Daily News editorial

Kalama Harbor Lodge: We learned earlier this week from the McMenamins website that the new $10 million Kalama McMenamins hotel, now called the Kalama Harbor Lodge, is opening April 20, and that people can start booking stays.

The tropical-themed hotel that reflects Kalama’s historical Hawaiian connections will have 40 rooms with lanais, according to mcmenamins.com. Most of the rooms will have a view of the Columbia River and some of the rooms will be pet-friendly.

The lodge also will contain a seven-barrel brewery where hand-crafted ales will be prepared. You can even look through a window and watch the brew masters at work. It sounds like there will be plenty of seating on a wraparound outdoor patio with river views and four fire pits. A restaurant and lounge with wood stoves, and a gift shop, along with a space for up to 125 people — for meetings, banquets and celebrations — round out the first floor. The Rooftop Bar offers a view of the Columbia River waterfront; and the log-cabin style Ahles Point Shack at the end of a walking path along the river features indoor and outdoor fireplaces, a patio and, of course, a view of the Columbia River.

We were curious about the rooms, so we logged on to mcmenamins.com to check them out. We chose a king room for two people in May for a one-night stay. The rates range from $145 to $225 per night, with the lower rate being the rack rate. Rates may vary based on the number of nights chosen.

For $175 per night, you get what is called the Beer 101 Package. It includes lodging for two and two taster trays of handcrafted ales. After sampling the ales, you will receive a growler filled with your favorite ale — and you get to take the growler home.

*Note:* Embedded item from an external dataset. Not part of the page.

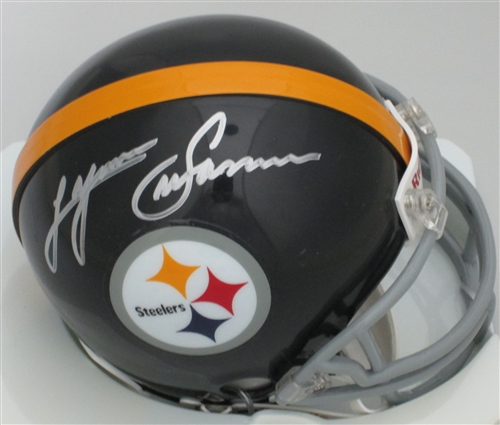 LYNN SWANN SIGNED STEELERS MINI HELMET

For $225 per night, you get what is called the Hammerhead Package. It includes lodging for two, dinner and breakfast the next morning. The website notes guests are credited $50 to be spent at their discretion for dinner and drinks, plus a $30 credit for breakfast.

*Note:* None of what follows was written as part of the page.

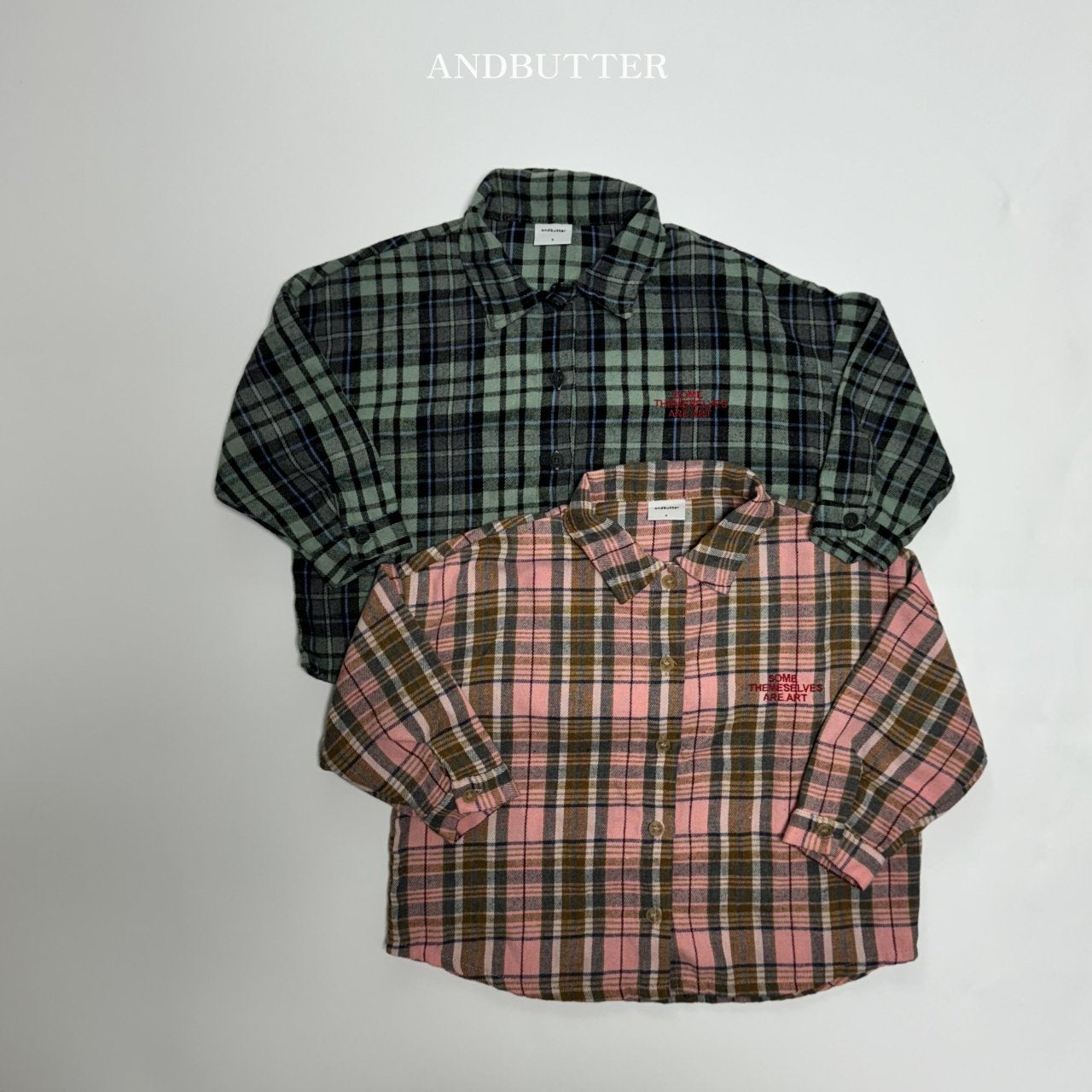 《予約》Musee Check Shirt / andbutter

Some of us can’t wait for the Kalama Harbor Lodge to open and already are planning our first getaway.

Smartphone addiction: We were happy to read in TDN earlier this week that two major Apple investors — New York-based Jana Partners LLC and the California State Teachers’ Retirement System — have urged Apple to “help curb smartphone addiction among children.”

The investors, who collectively control $2 billion worth of Apple shares, wrote a letter to the company stating they are concerned about the effects of gadgets and social media on youngsters.

In the letter, the investors mentioned studies on the negative effects smartphones and social media have on children’s mental and physical health, such as being distracted in the classroom leading to a decreasing ability for the students to focus on their school work; an increased suicide risk; and higher chances for developing depression.

The investors propose that Apple establish a committee of experts (including child development specialists), offer Apple’s information resources to researchers and enhance the software in mobile devices so parents have more choices to protect their children’s health.

According to the story, some groups, such as the American Psychiatric Association, don’t believe heavy internet use is a real mental addiction and suggest more research is required.

The story also noted that in 2016, the American Academy of Pediatrics claimed internet use and social media have potential risks for teens and urged families to “create their own media use plans that include consistent time and content limits.”

The letter is a “big deal,” James Steyer, the chief executive officer of Common Sense Media, is quoted in the story. CSM is a nonprofit organization that studies the technology use of children.

He also said it is the beginning of a bigger discussion about the issues, that “it’s great that shareholders care about it” and that Apple is in a position to “do good” by financing independent research on the effects of using smartphones, by paying for public education campaigns to teach parents and their children about using technology responsibly and by designing “addiction-prevention features,” such as automatic timers to shut the devices off after a certain amount of time.

Don’t get us wrong. Cellphones are fantastic tools. They have saved people’s lives in emergencies, are a great way to stay connected to family and friends, provide us easy access to tons of helpful information. We can read books on our phones, watch films and more.

We, however, would like to see children — and families — spend less time with their heads bent over a cellphone and more time talking face to face; and spend more time participating in — and enjoying — outdoor activities, whether it’s playing a game, riding a bike, hiking or having a picnic.

Wouldn’t that be good for children’s mental and physical health? We think so.

And, we hope Apple listens to its investors.